2. Plan and implement system capacity management, performance optimization, and disaster recovery solutions to ensure service stability and scalability.
3. Responsible for the construction and maintenance of CI/CD pipelines to achieve automated building, testing, releasing, and rollback.
4. Design and improve system monitoring, log collection, and alerting systems (Prometheus / Grafana / ELK / OpenSearch).
5. Participate in emergency response to production environment failures, issue identification and review, summarizing and promoting long-term optimization solutions.
6. Participate in the standardization and process construction of the operations and maintenance system, producing best practice documentation.
7. Participate in the statistical assessment of overall operations and maintenance costs, auditing various IT expenditures.
Job Requirements
1. Full-time undergraduate degree in computer-related fields (no consideration for associate degree holders) and above, with more than 5 years of experience in large-scale internet or cloud platform operations and maintenance.

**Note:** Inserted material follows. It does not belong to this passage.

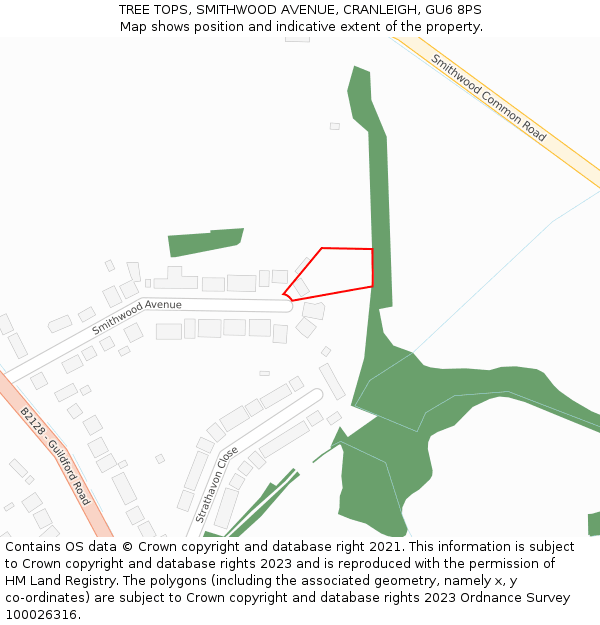 TREE TOPS, SMITHWOOD AVENUE, CRANLEIGH, GU6 8PS: Location map and indicative extent of plot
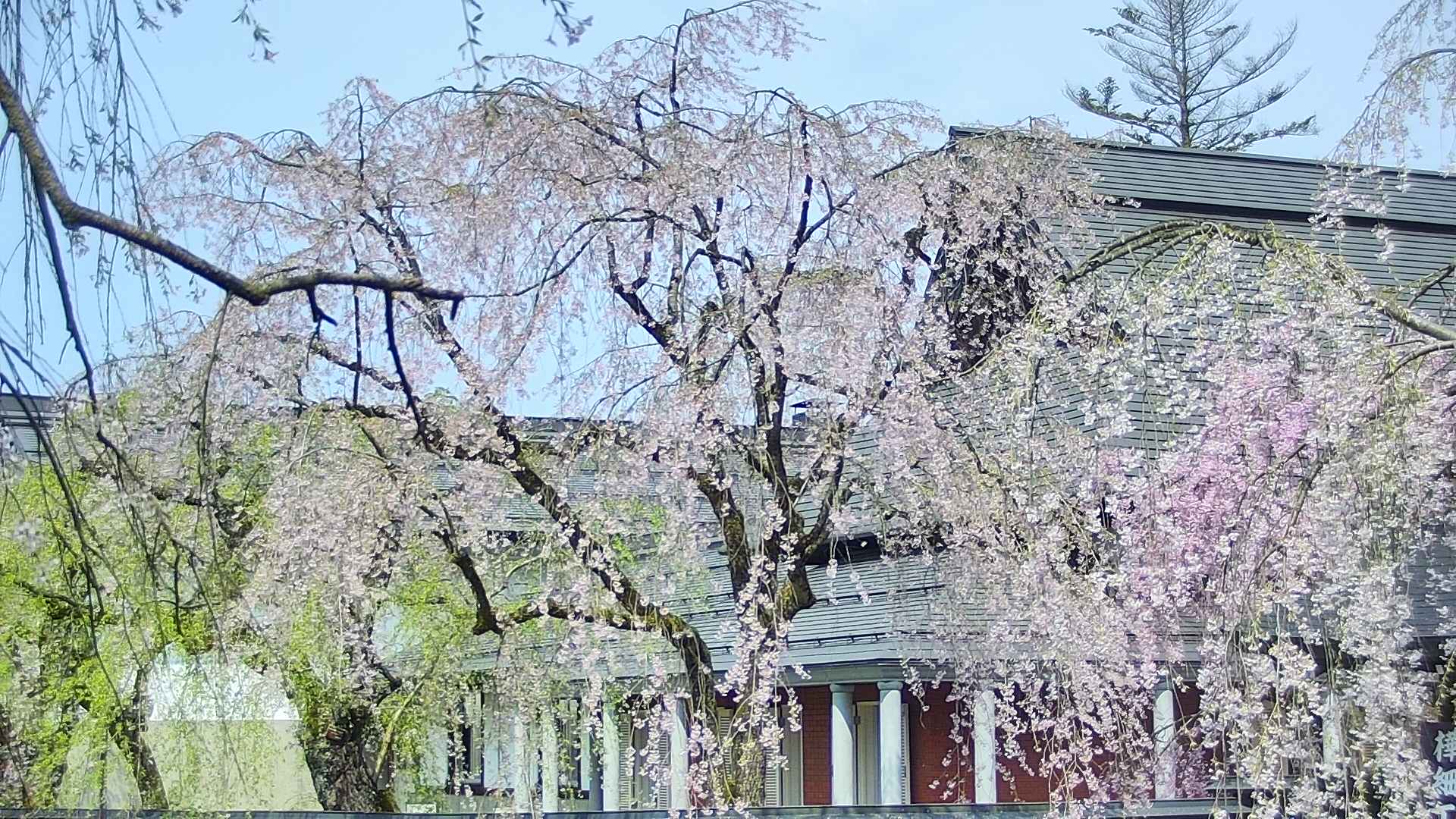 area2-20250427092106.jpg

2. Familiar with the use of various Linux system series, proficient in at least one language among Shell/Python/Go.
3. Proficient in Docker, Kubernetes, and CI/CD toolchains (Jenkins, GitLab CI, ArgoCD, etc.).
4. Familiar with monitoring and logging systems such as Prometheus, Grafana, ELK/OpenSearch.
5. Experience in public cloud architecture (AWS, Aliyun, GCP, Azure).
6. Good communication skills and team collaboration spirit, with the ability to quickly identify and solve complex problems.
7. Preference for candidates based in Singapore and Malaysia, with consideration for other non-mainland regions.
Bonus Points
1. Rich experience in IT operations cost optimization.
2. Experience in global network acceleration and security protection deployment on enterprise cloud.